INFORMATION SUPPLIED:
_ _ _ _ _
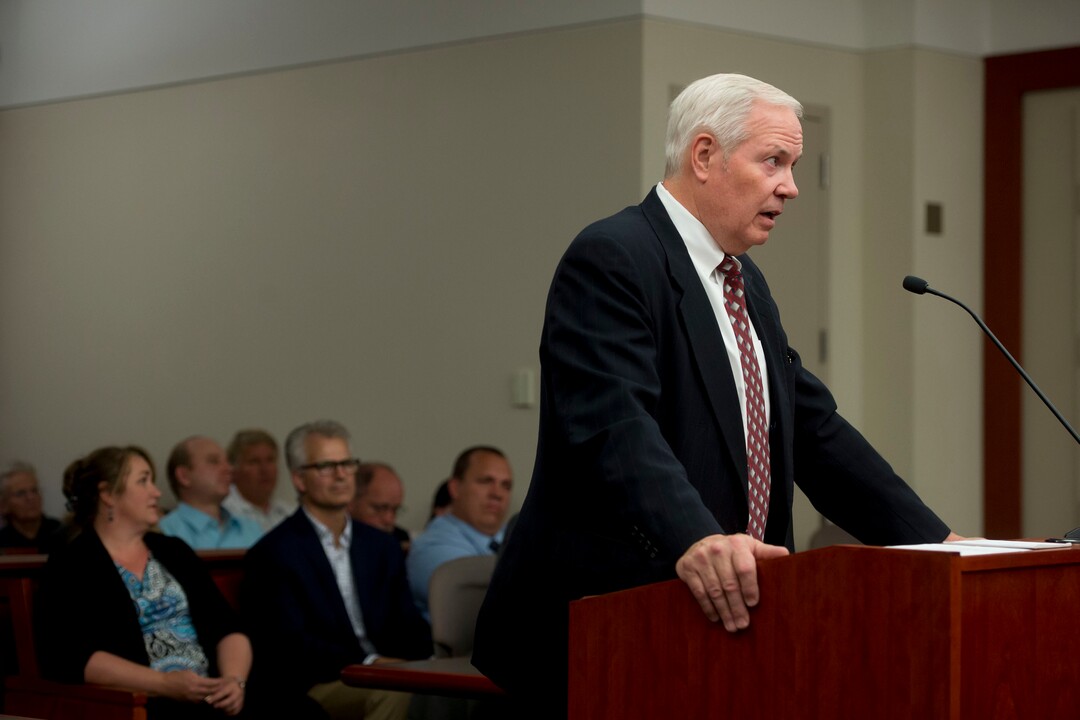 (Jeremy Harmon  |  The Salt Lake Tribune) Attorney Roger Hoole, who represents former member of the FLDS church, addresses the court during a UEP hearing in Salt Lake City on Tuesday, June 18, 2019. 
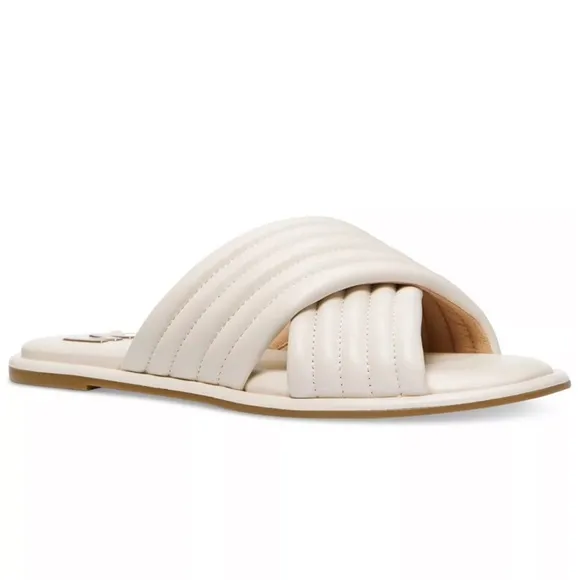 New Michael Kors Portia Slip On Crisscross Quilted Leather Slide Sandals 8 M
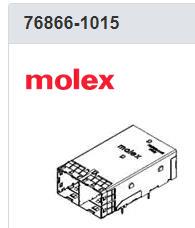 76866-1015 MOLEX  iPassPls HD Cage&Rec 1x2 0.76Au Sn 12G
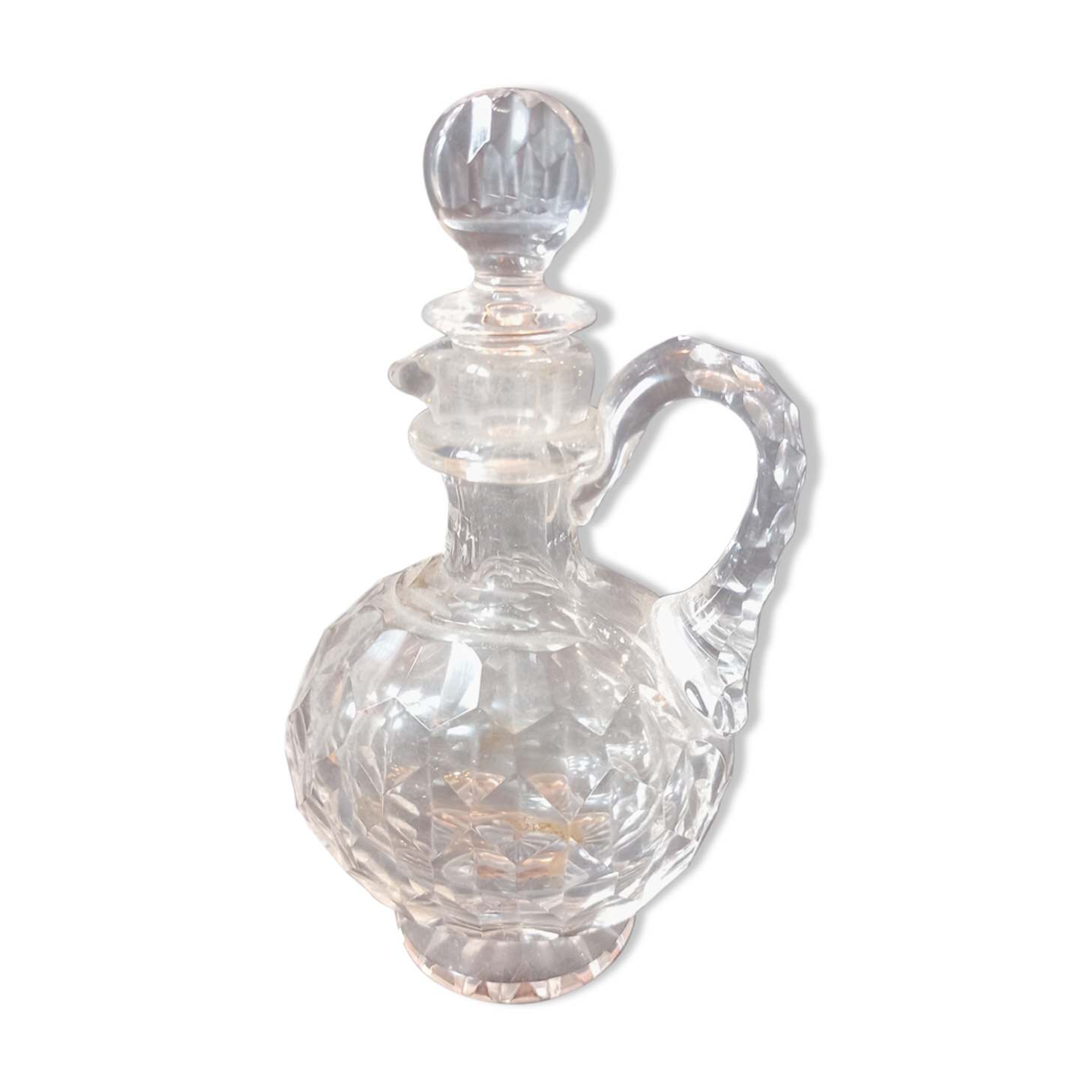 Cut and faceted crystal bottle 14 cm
_ _ _ _ _
EXERCISE DIRECTIONS:
Render the data above verbatim and without pictures.

ANSWER SECTION:
 (Jeremy Harmon  |  The Salt Lake Tribune) Attorney Roger Hoole, who represents former member of the FLDS church, addresses the court during a UEP hearing in Salt Lake City on Tuesday, June 18, 2019. 
 New Michael Kors Portia Slip On Crisscross Quilted Leather Slide Sandals 8 M
 76866-1015 MOLEX  iPassPls HD Cage&Rec 1x2 0.76Au Sn 12G
 Cut and faceted crystal bottle 14 cm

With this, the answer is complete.